An elections challenge to the March school-tax referendum has been denied.
The creator of a new political-action committee, Better Sarasota Schools for Less, filed a complaint with the Florida Division of Elections two weeks ago.
Walt Augustinowicz claimed that the Sarasota County School District violated state law by pushing voters toward a different political-action committee — one that supports the referendum.
The school district is seeking a renewal of a 1-mill property tax that generated more than $200 million since the last time it was renewed in 2006.
The referendum is billed as a way to help the district offset the $38 million in budget cuts it projects next year.
Last month, the school district sent fliers home with students, which provided talking points on why the referendum should be approved.
It also contained a sentence that read: “An independent citizens group called Citizens for Better Schools is managing the referendum campaign. More information about CBS is available online at www.SarasotaCBS.com.”
Augustinowicz claimed that sentence violated Florida statute 104.31, which states that officers or employees of state or local governments cannot use their position to influence someone’s vote.
“CBS is not an independent citizens group. It’s a PAC,” he said. “That’s our biggest gripe.”
Augustinowicz said he has e-mailed School Superintendent Lori White and each school board member several times to ask them to either remove the CBS Web site from all of its information or to add his group’s Web site. He said he never received a response.
State elections officials briefly investigated the complaint before dismissing it, citing a subsection of Statute 104.31, which states that the law “shall not be construed to limit the political activity of elected officials in a referendum election.”
Augustinowicz was not pleased.
“I think it’s a shame that they wrote a law and then created a loophole,” he said.
When asked about the ruling, school spokesman Scott Ferguson said the district believes it was the right decision.
Augustinowicz said he may file another elections complaint, this time citing Florida Statute 106.113, which prohibits local governments, including school districts, from using public funds for a political advertisement concerning a referendum.
He said he would not oppose the referendum if he felt the school board was using the money wisely, but when he looks at recent school construction, he can’t support how it’s being spent.
“Yes, they’re beautiful, but do they help provide a better education?” he asked. “All the money they’ve wasted on that, they could easily pay higher teacher salaries.”
The national group Americans for Prosperity, which advocates for reducing government and taxes, is helping those who oppose the school-tax referendum to let their feelings be known through a letter-writing campaign.
It is providing people a blank “letter to the editor” to write their thoughts about the referendum. The letter is then e-mailed to Sarasota newspapers.
In just one day this week, The Sarasota Observer received nearly 50 e-mails from Americans for Prosperity. Most were anti-referendum. A few were pro-referendum.
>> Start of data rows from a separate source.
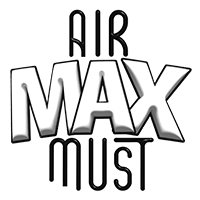 Airmust Max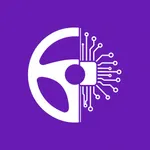 ICBC Practice Test with AI icon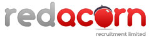 advertiser logo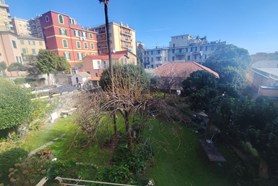 Appartamento - Genova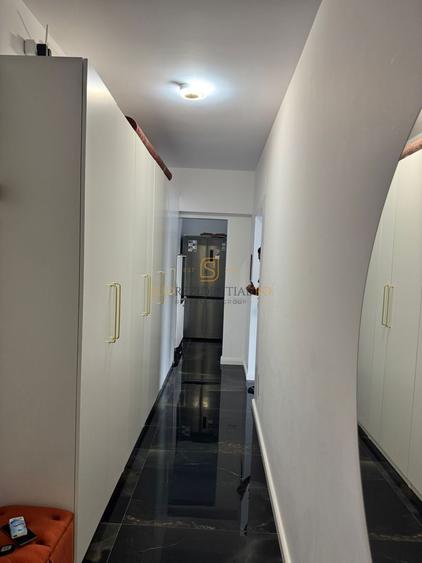Apartament 2 camere cu terasa in Sector 4, Metalurgiei LIDL, KAUFLAND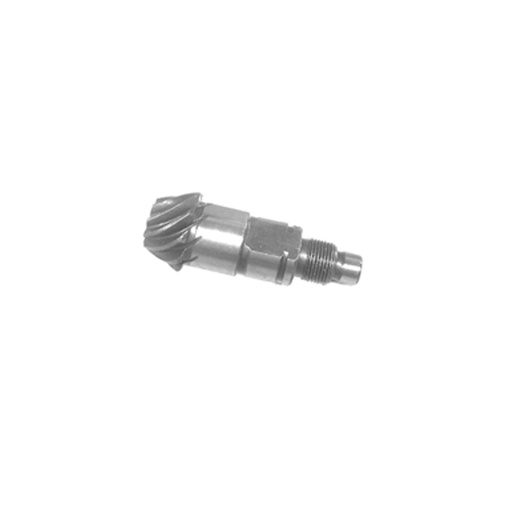 [AA000000081] ENGRANAJE PEQUEÑO UTH110286 (UTH110286-SP-53)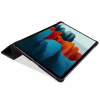 Чохол до планшета AirOn Premium Samsung Galaxy TAB S7 T870/875 11" + film (4821784622491) - Image 5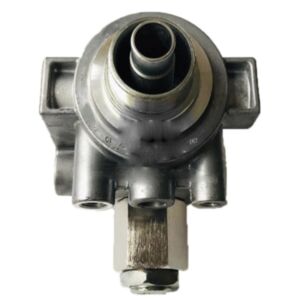 BUY Filter & Valve GP-Pilot 158-8987 for Caterpillar CAT 320DL 311C 312C 312D 312E 313D 314C 315C 318C for sale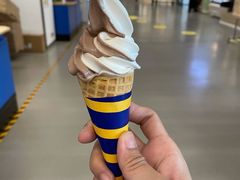 -宜家·瑞典风味餐厅(烟台路店)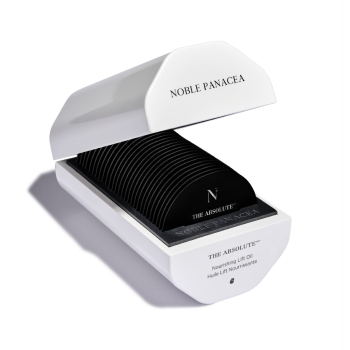 Noble Panacea The Absolute Nourishing Lift Oil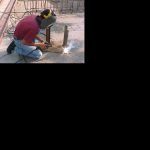 Logo del grupo C027.1 Seguridad para Trabajos en caliente GRUPO (2025-12-10)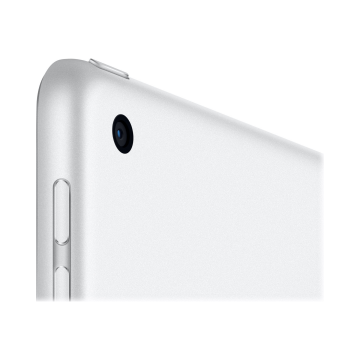 Apple iPad 8.Generation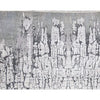 CANVAS ART J1147 MULTI / MULTI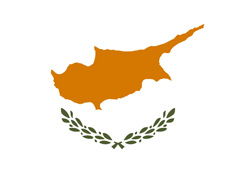 ·˹
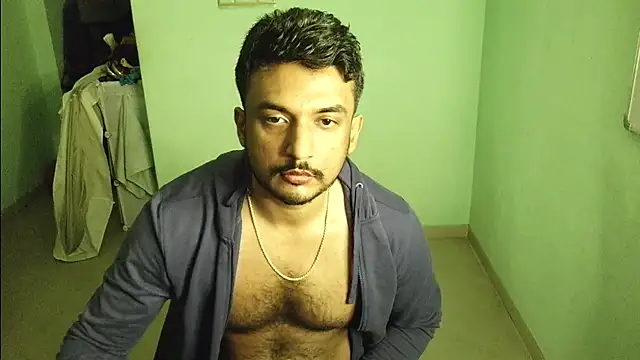 daringcutie online show from December 2025 12:26:02 AM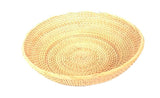 Other Interior Accessories - Rattan Bread Basket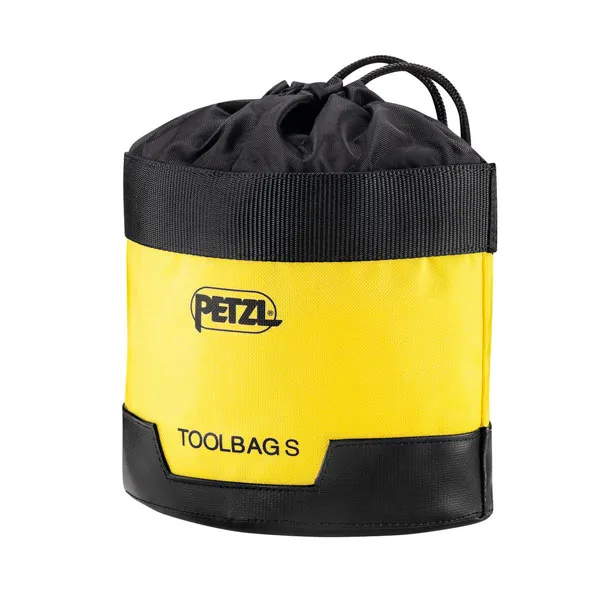PETZL TOOLBAG S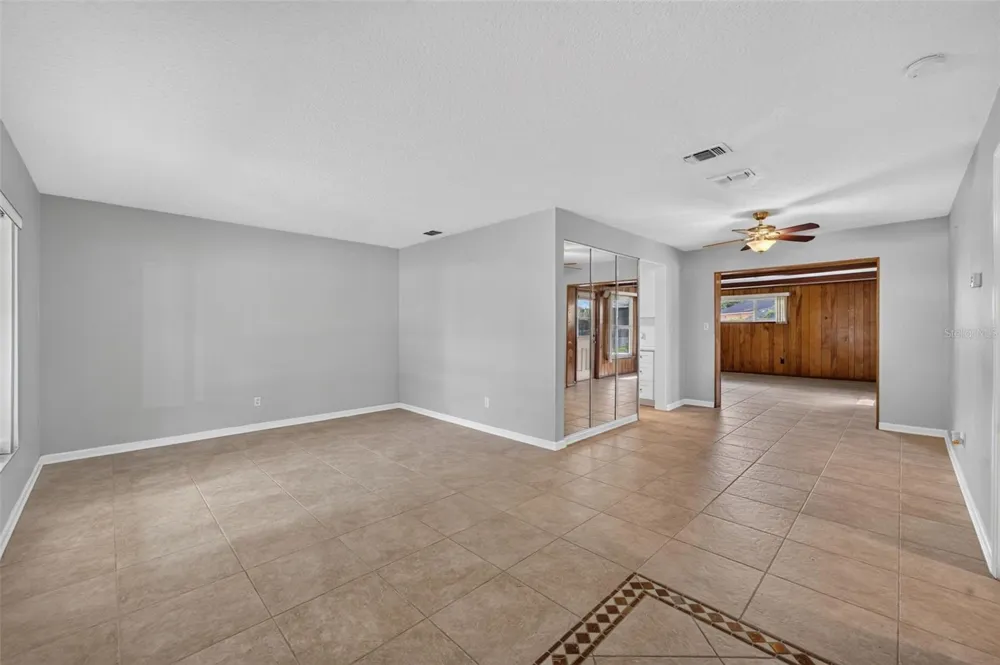 2641 CARVELL COURT Winter Park, FL 32792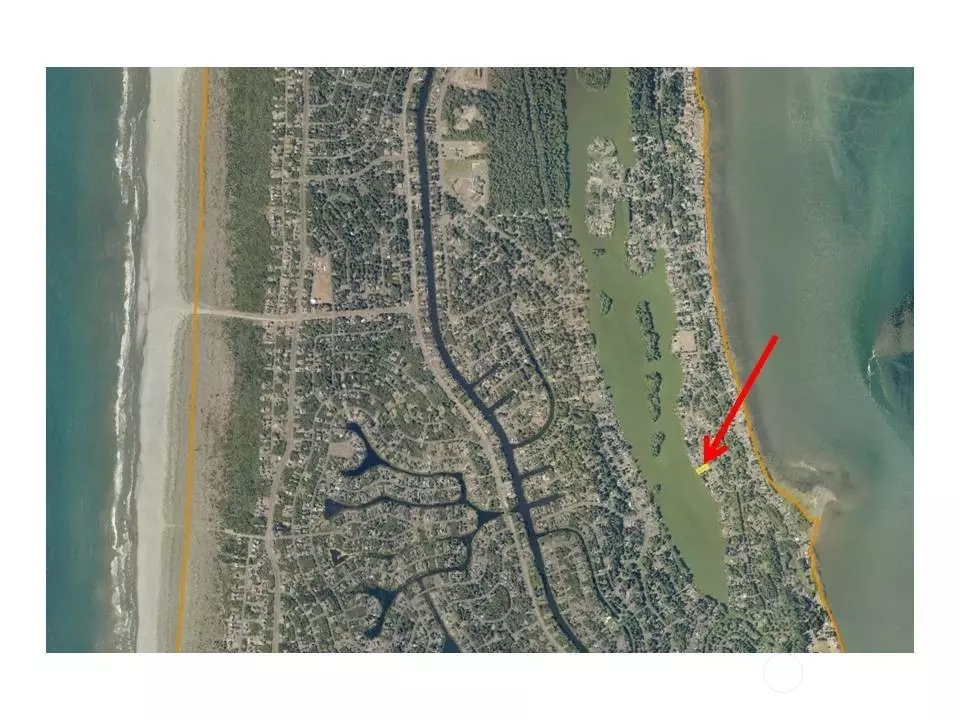  661 Lake Island Ave SE, Ocean Shores, WA 98569 photo 28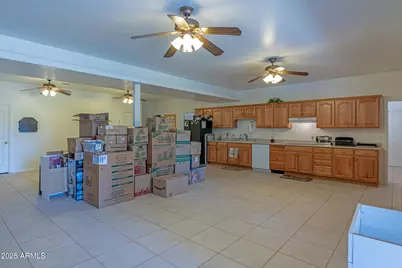 861 E Pine Oaks Drive, Show Low, AZ 85901 - Photo 34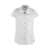 Vivienne Westwood Vivienne Westwood Printed Cotton Shirt WHITE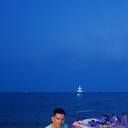 ���������� ������, ���� ������� �����, 41 ���, ������������ ��� ������, ����� � ���������, c�������� ���������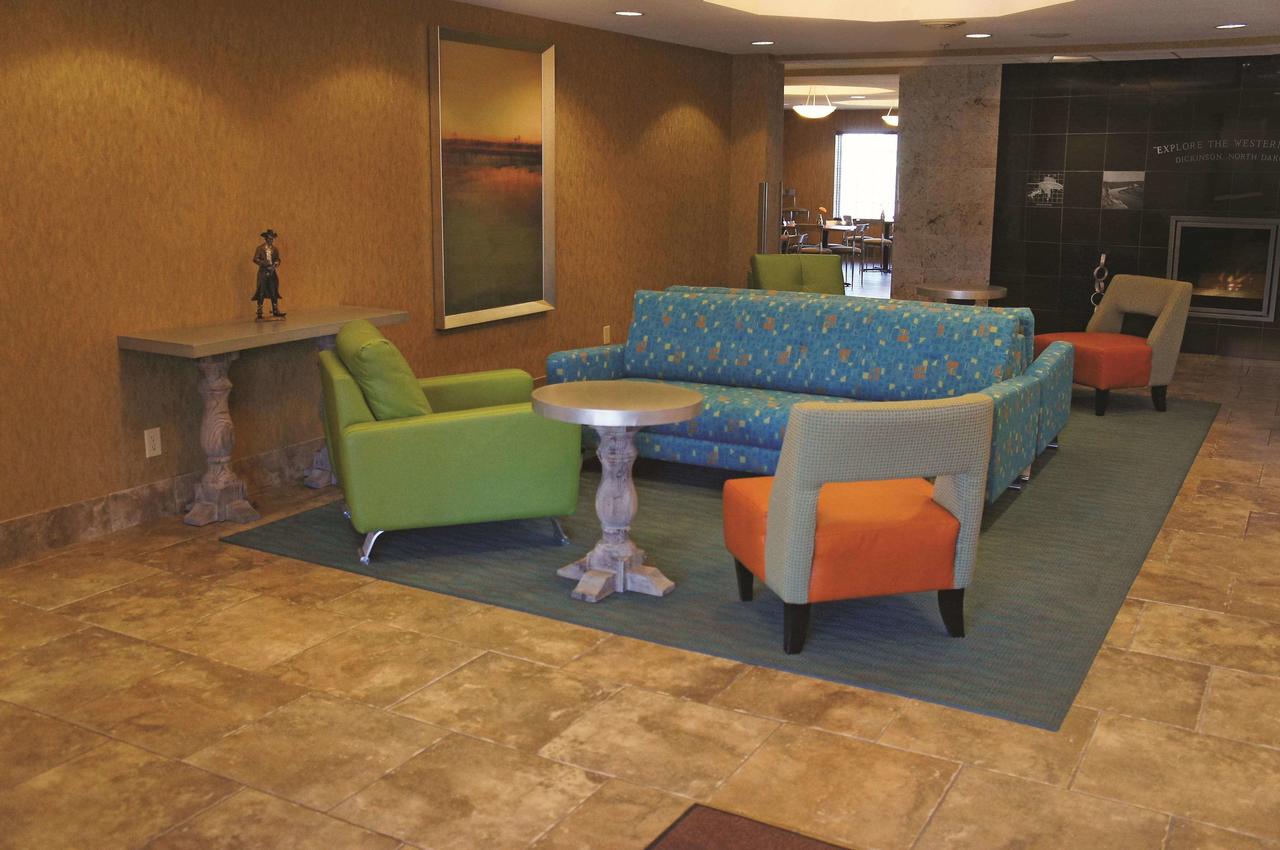 La Quinta By Wyndham Dickinson - thumb 27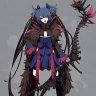 PsychoRenamon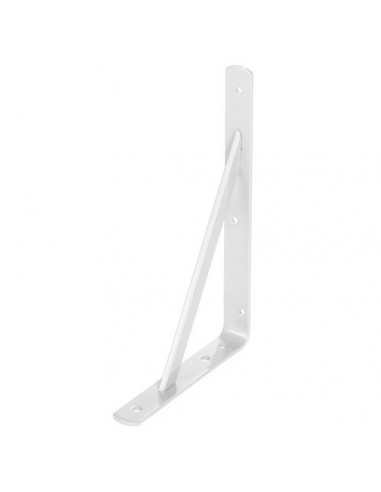 Palomilla Wolfpack Con Refuerzos Blanco 300x200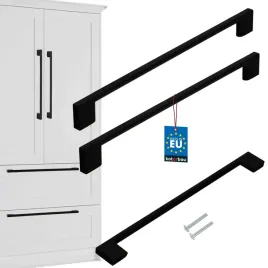 zestaw-2x-uchwyt-meblowy-czarny-antaba-256-mebli-szafki-szuflady-kuchennej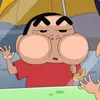 li0vgyu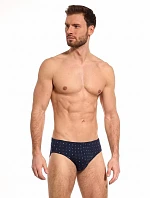 Kalhotky Noviti BS003 M-3XL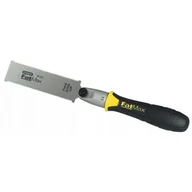 Piły ręczne - Stanley Piła japońska FatMaxR mini 22 z/cal x 120 mm (0-20-331) - miniaturka - grafika 1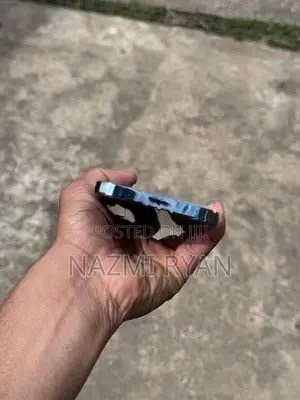 Apple iPhone 13 Pro Max (Used)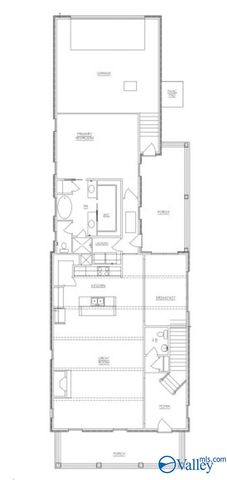 641 Town Madison Boulevard, Madison, AL 35758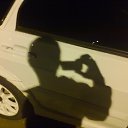 ���� ���������, ����, 39 ��� - ��������� 20 ������ 2016 � ������ ���� ����������
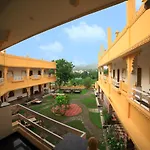 Riviera Madaar Resort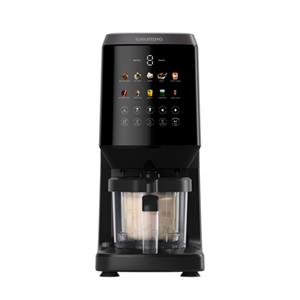 GRUNDIG ICM 468 S DONDURMA MAKİNESİ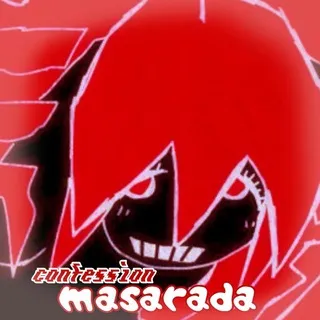 MASARADA CONFESSIONS ! ! [ 🥖🎶 ]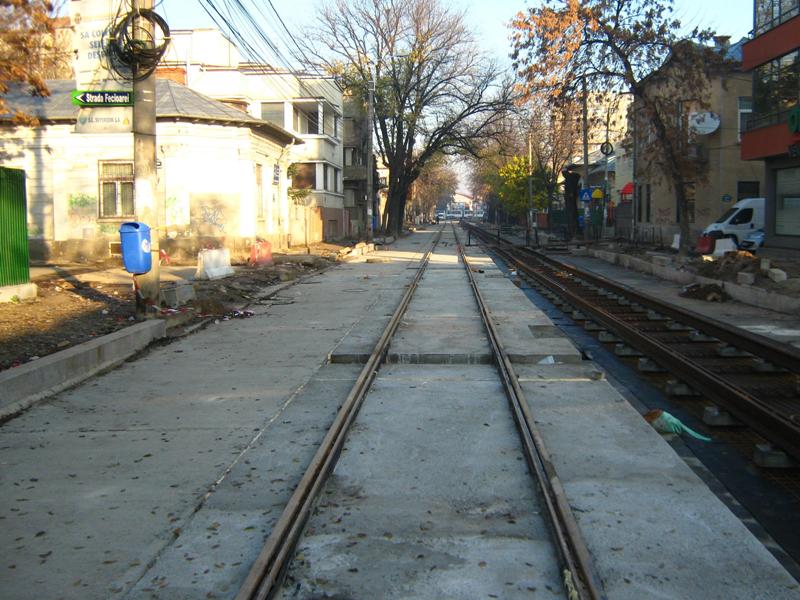 Captured 2009-11-22 00024.JPG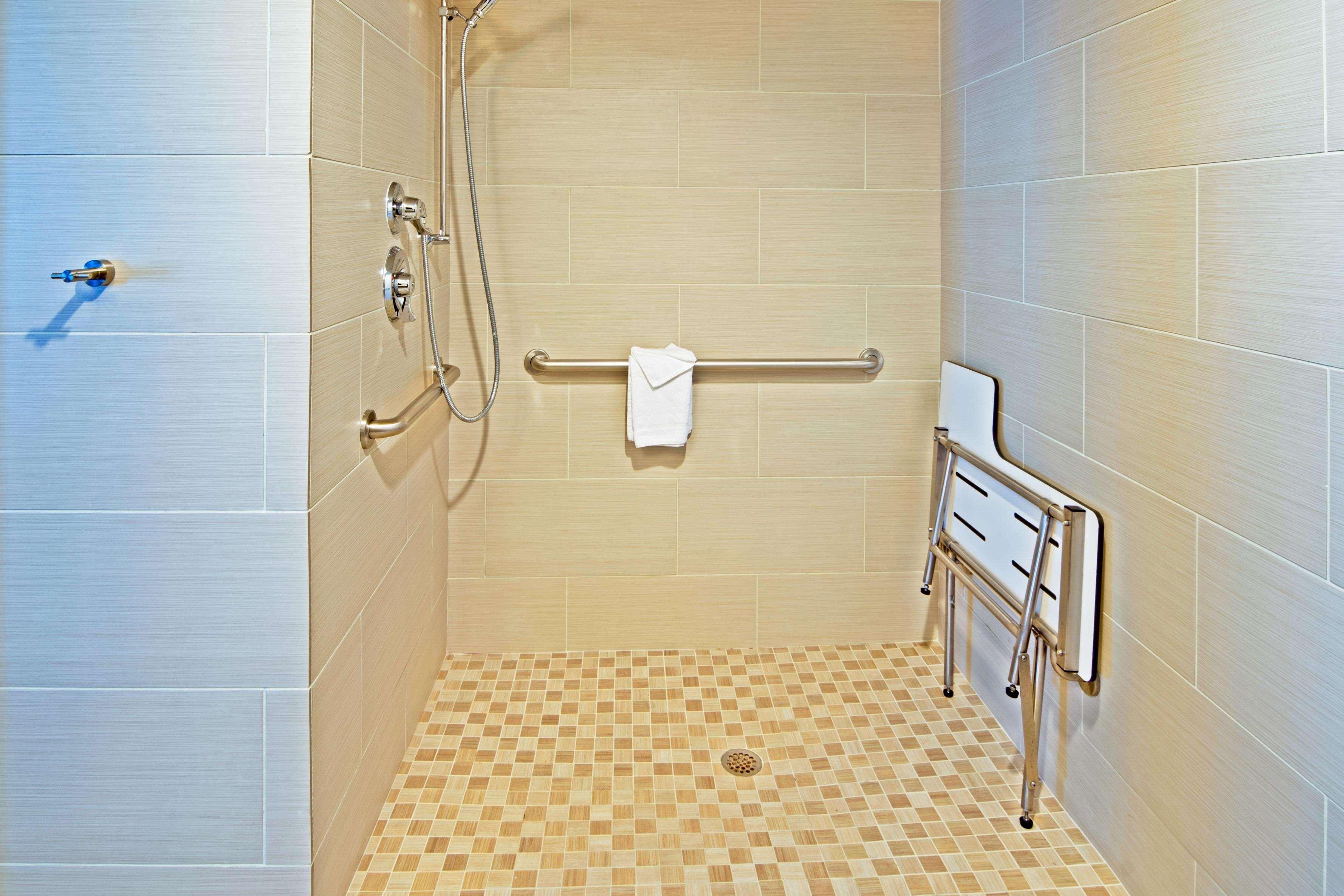 Hampton Inn And Suites Trophy Club - Fort Worth North Εξωτερικό φωτογραφία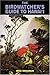 The Birdwatcher's Guide to Hawai'i (Kolowalu Books)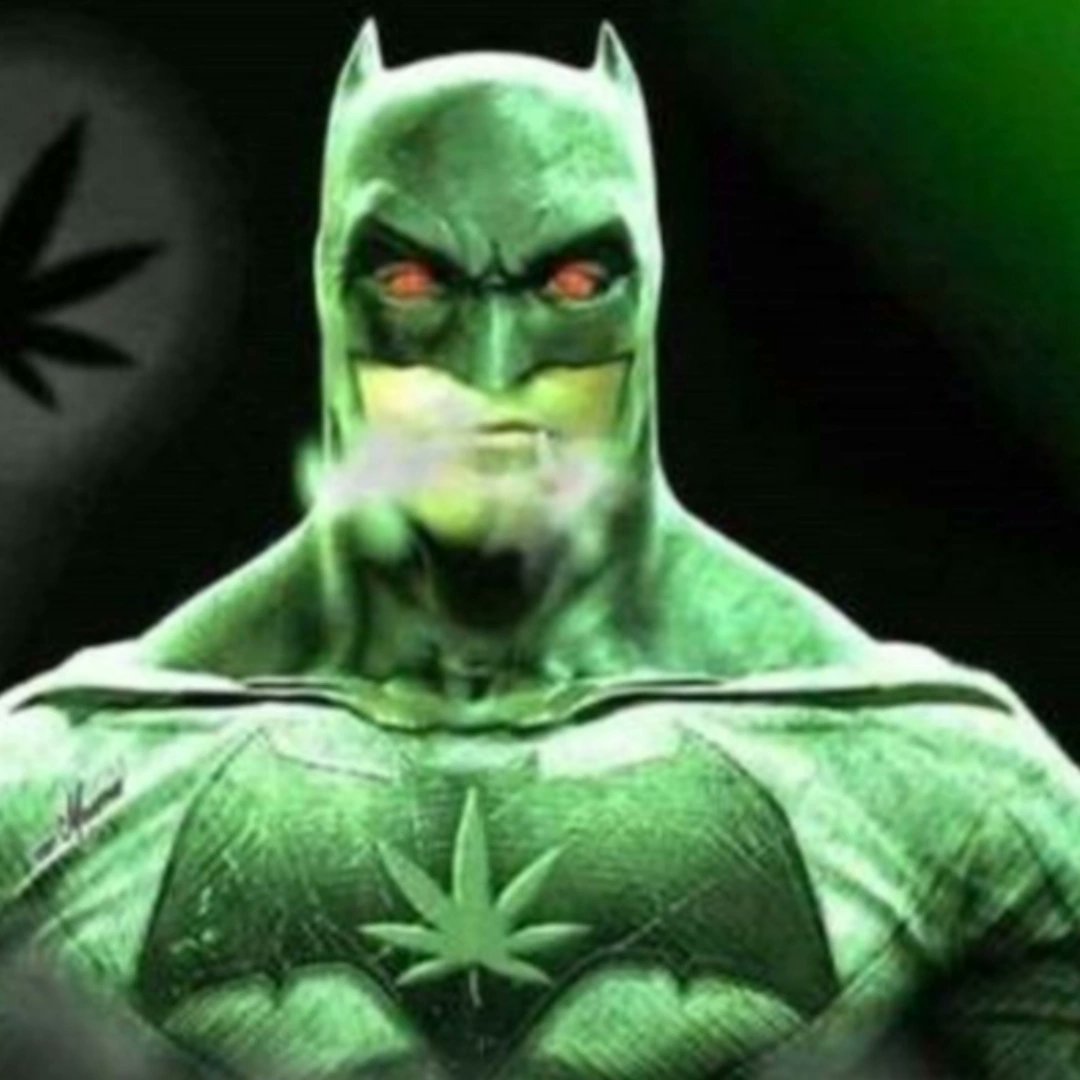 leouwuxd tweet media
And four read like this:
Dear Editor Sarasota Observer,
[insert your message here]
Florida Statute 104.31
Walt Augustinowicz’s complaint cited the following passage in the Florida statutes:
(1) No officer or employee of the state, or of any county or municipality thereof, except as hereinafter exempted from provisions hereof, shall:
(a) Use his or her official authority or influence for the purpose of interfering with an election or a nomination of office or coercing or influencing another person’s vote or affecting the result thereof.
In dismissing the complaint, state elections officials cited this subsection of the same statute:
(4) Nothing contained in this section or in any county or municipal charter shall be deemed to prohibit any public employee from expressing his or her opinions on any candidate or issue or from participating in any political campaign during the employee’s off-duty hours.